Letter: Oak Bay’s finances warrant attention

More engagement around municipal spending seems necessary

Recent letters to the editor concerning Oak Bay’s finances seem to warrant our attention.

Each year the municipality includes a budget summary with our property tax notice. The magnitude of the budget increase is clear and the incremental tax burden for an average residence is highlighted. Viewed in isolation the impact generally looks modest; across time the impact is less benign.

Between 2008 and 2014 the municipal share of property taxes increased from $16.5 to $21.3 million; this represents a compound annual growth rate of 4.4 per cent.
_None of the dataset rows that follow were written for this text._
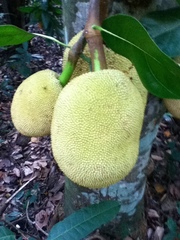 Artocarpus heterophyllus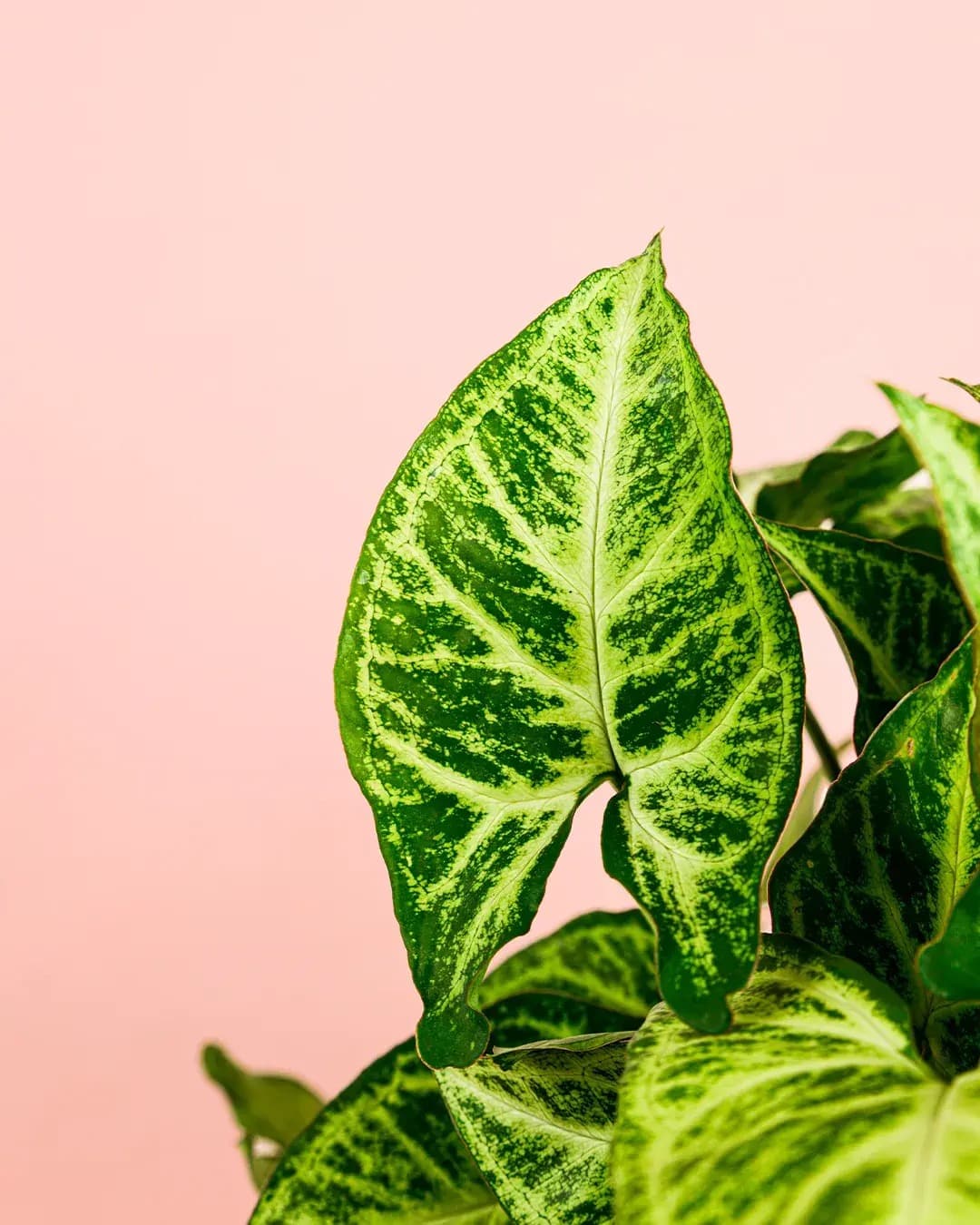 Syngonium Panda M - Pur Plant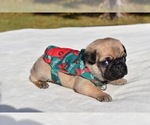 Small #6 Pug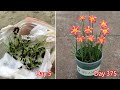 How to grow rain lilies from seeds | How to propagate rain lily from seeds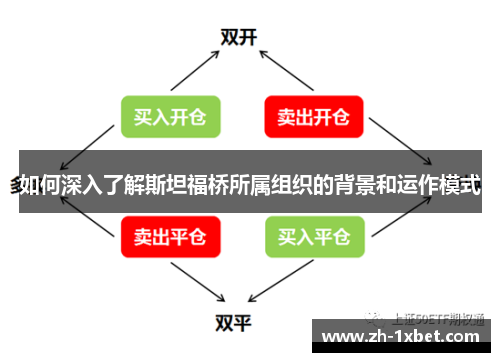如何深入了解斯坦福桥所属组织的背景和运作模式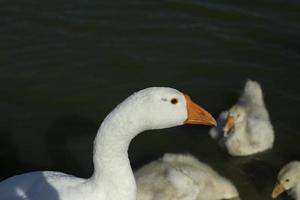 Goose with goslings. White bird in water. Goose on pond. Life of animals on farm. photo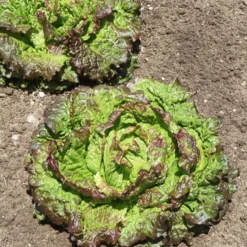 Bataviasalat ‘Rouge Grenobloise’ - Knackig rot, immer frisch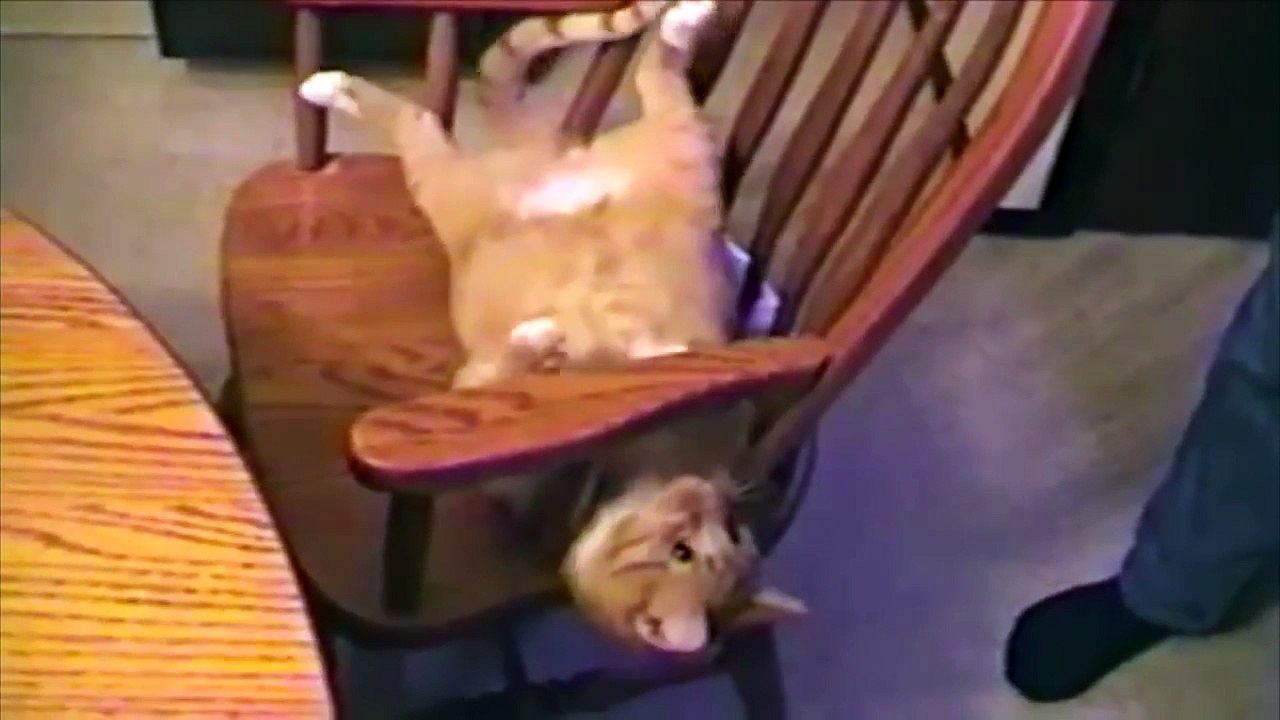 AFV Animals Best of April!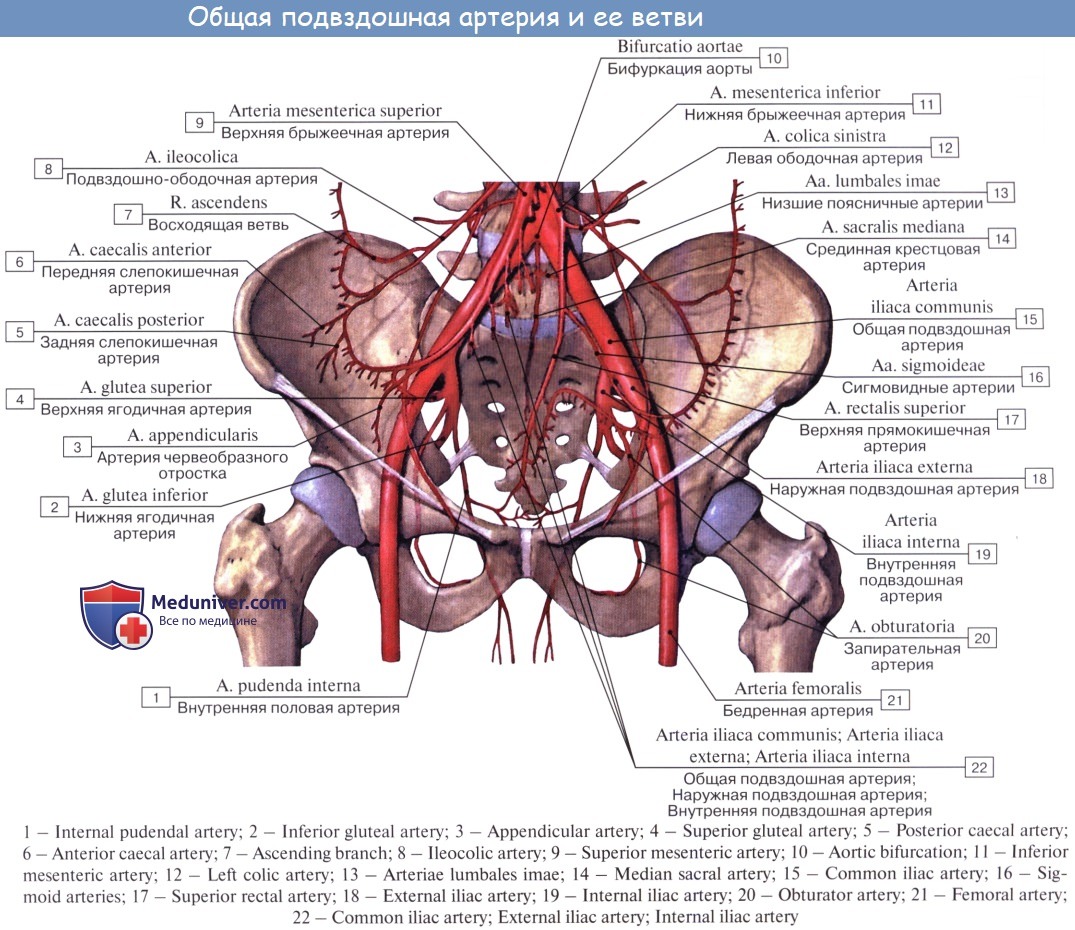 Iliaca Iliaca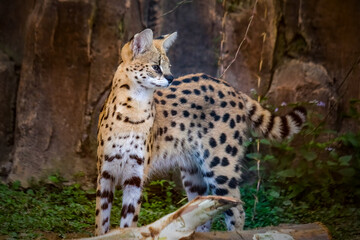 a serval stands watching its prey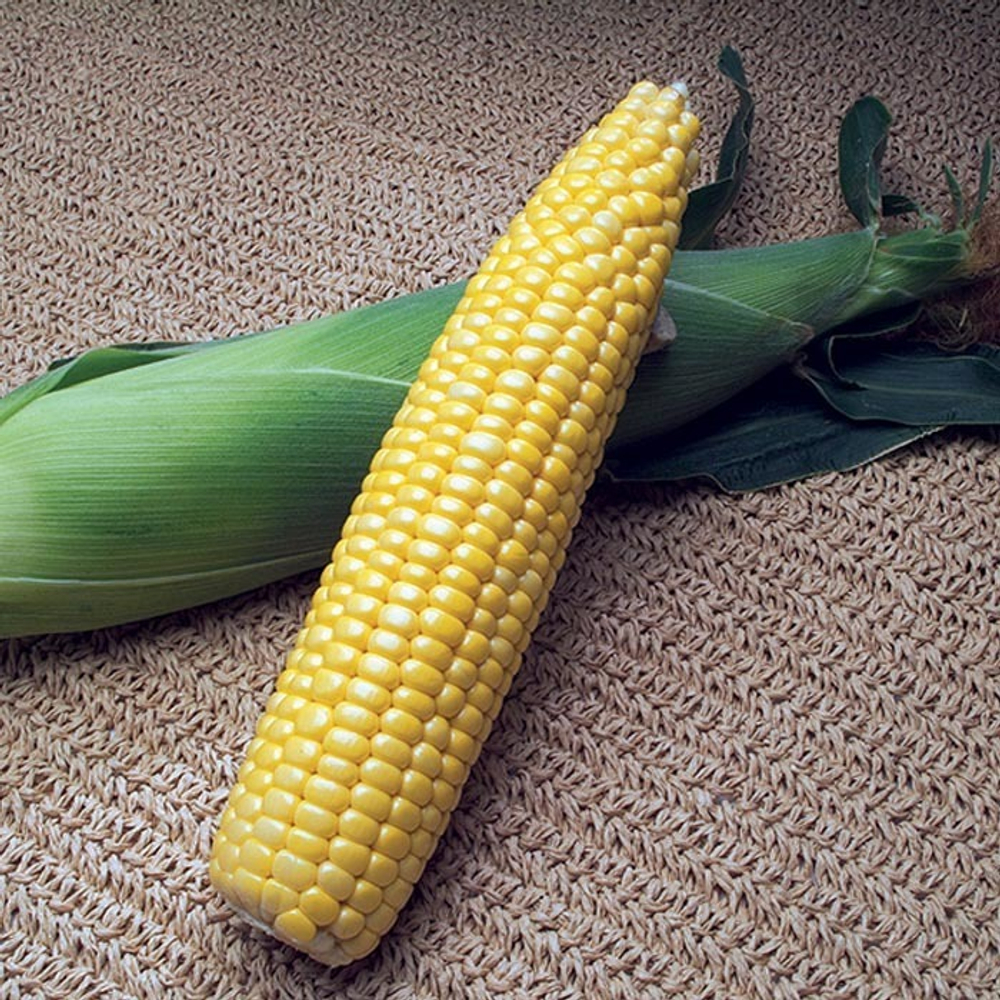 Кукуруза Акцентуэта F1 (50шт)  Витагрин Профи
This growth rate is more than double the annual growth rate for taxes collected by the municipality on behalf of others (e.g., schools, CRD); it is two to four times greater than the annual percentage change in Victoria’s consumer price index as calculated by Statistics Canada; and, it is about 1.7 times greater than the annual compound growth in Oak Bay households’ median after-tax income as reflected in available census data.

At the 4.4 per cent growth rate, which does not reflect accelerated budget growth in 2015 and possibly 2016, taxes collected by the municipality will double in about 16 years.

Although the impact will not be uniform across households it is fair to suggest that a 50-year old could experience a doubling of property taxes by retirement and a further doubling by the time he or she is 80. I expect my 2016 property tax notice will firmly establish this trajectory for my property. And this is before we add the cost of sewage treatment.

We live in an incredibly small community (10 km²). Crime rates are amongst the lowest in Canada, there is no developable land to speak of and our population is, based on estimates by BC Stats, at a 15-year low.

No evident community characteristic suggests growth except the municipal budget. Perhaps concern about the budget trend is ill-founded or maybe the trend is unavoidable. Conversely, maybe the budget growth rate needs to be halved to better align with inflation trends, income growth etc. In any event, more engagement around municipal spending seems necessary.